Coral Springs Street Systems v. City of Sunrise, No. 03-11497.

Decision Date07 June 2004
Docket NumberNo. 03-11497.
Citation371 F.3d 1320
PartiesCORAL SPRINGS STREET SYSTEMS, INC., a Florida corporation, Plaintiff-Appellee, v. CITY OF SUNRISE, a Florida municipality, Defendant-Appellant.
CourtU.S. Court of Appeals — Eleventh Circuit

Michael T. Burke, Johnson, Anselmo, Murdoch, Burke & George, Fort Lauderdale, FL, for Defendant-Appellant.

Thomas R. Julin, Dorothy Patricia Wallace, Hunton & Williams, Miami, Gary R. Rutledge, Rutledge, Ecenia, Underwood, Purnell & Hoffman P.A., Tallahassee, FL, for Plaintiff-Appellee.

Appeal from the United States District Court for the Southern District of Florida.

Before HULL, MARCUS and STAHL*, Circuit Judges.

MARCUS, Circuit Judge:

In this sign ordinance case, the City of Sunrise (the "City") appeals the district court's grant of final summary judgment in favor of the plaintiff, Coral Springs Street Systems, Inc. ("Coral Springs"). Coral Springs petitioned for equitable relief in the United States District Court for the Southern District of Florida, claiming that Article XIV of the City's Land Development Code (the "Sign Code") was unconstitutional in its entirety at the time that Coral Springs applied for and was denied a sign permit. After thorough review, we are convinced the case is moot and therefore nonjusticiable.

Before suit was even brought in this case, the old Sign Code was replaced by the City with an "Amended Sign Code" that eliminated most of the constitutionally infirm provisions; but the new Code unquestionably prohibited the sign that Coral Springs wants to erect. Moreover, there is no hint the City of Sunrise has any intention of reenacting the old Sign Code. And, as we read the law of Florida, Coral Springs acquired no vested right in a permit to build the sign, both because it has not relied detrimentally on the law as it existed under the old Sign Code and because the City has at no point acted in bad faith. Finally, portions of the Amended Sign Code that may be unconstitutional are fully severable from those that actually caused the permit to be denied. Accordingly, we reverse the district court's grant of summary judgment and remand with instructions to dismiss for lack of subject matter jurisdiction.

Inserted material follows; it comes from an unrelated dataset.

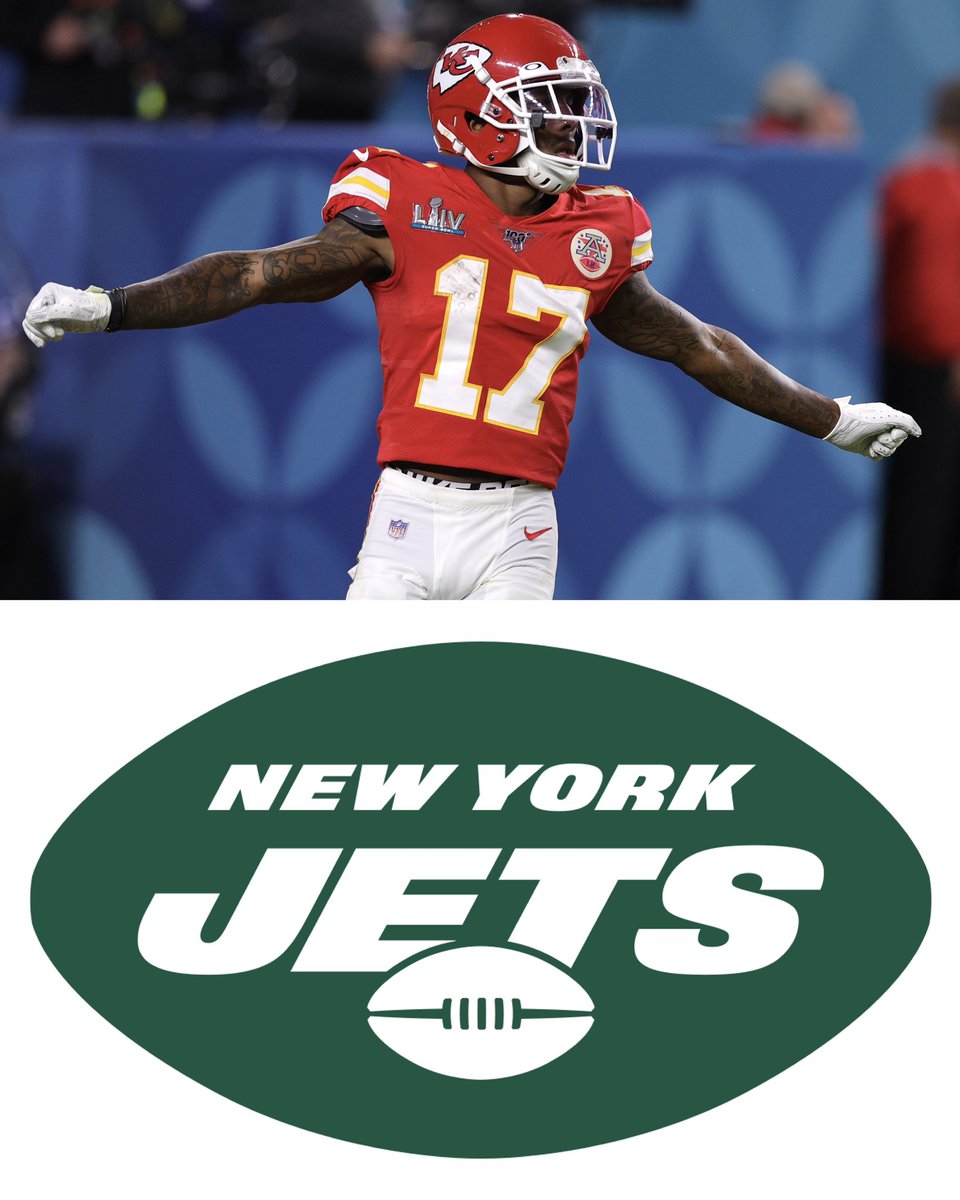 Jets Have Signed Mecole Hardman to a 1 Year Deal #NFL #NFLFreeAgency #NFLfi #NFLTwitter #Jets #NewYork #TakeFlight #GangGreen #NewYorkJets #MecoleHardman #ChiefsKingdom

The facts of this case are not in dispute. Coral Springs Street Systems is engaged in the business of constructing billboards on real estate that it buys or leases. On March 17, 1999, Street Information Systems, Inc., another billboard company not involved in this case, entered into a lease agreement with Sawgrass Ford, Inc., a car dealer located in the City of Sunrise. Under the terms of the agreement, Sawgrass Ford agreed to lease land on its property to Street Information Systems for twenty years, so that Street Information Systems could erect a billboard overlooking a busy thoroughfare, the Sawgrass Expressway.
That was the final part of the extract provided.